» **Information provided**:
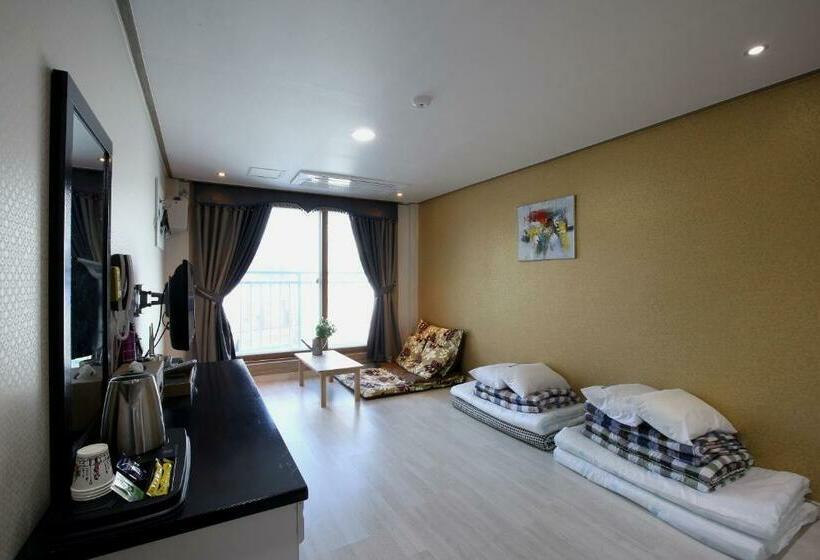 Quarto Familiar, Dorcas Tourist Hostel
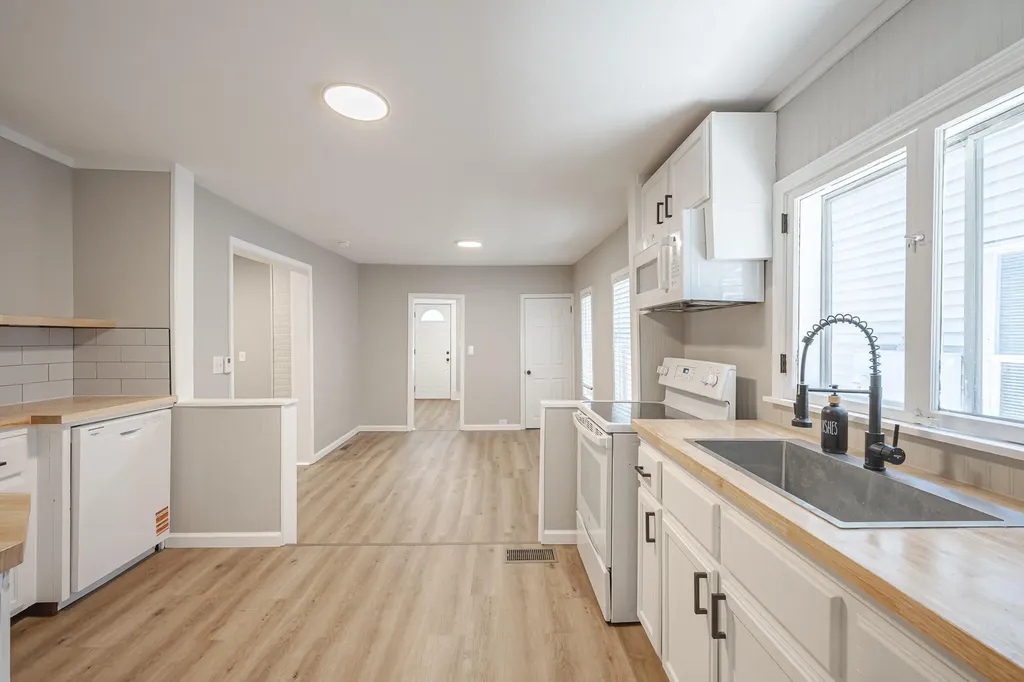 23 Palmer Street NE Grand Rapids City MI 49505
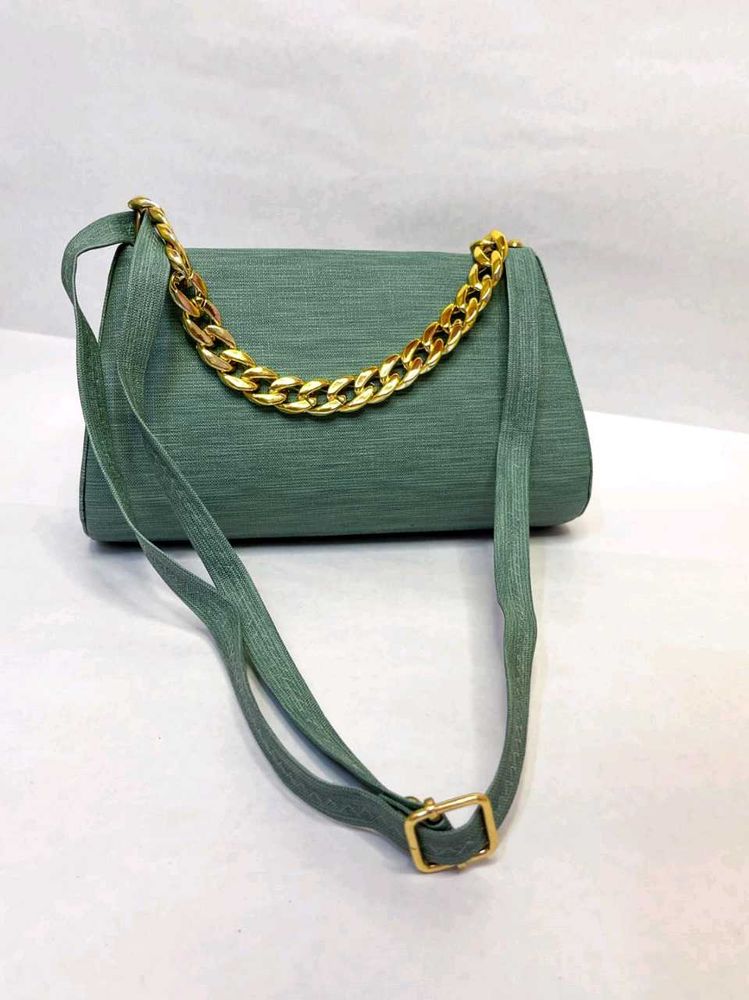 Chic Green Handbag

» **Instructions for the task**: The data above are to be repeated word for word, with any pictures left out.

» **Completed exercise**:
 Quarto Familiar, Dorcas Tourist Hostel
 23 Palmer Street NE Grand Rapids City MI 49505
 Chic Green Handbag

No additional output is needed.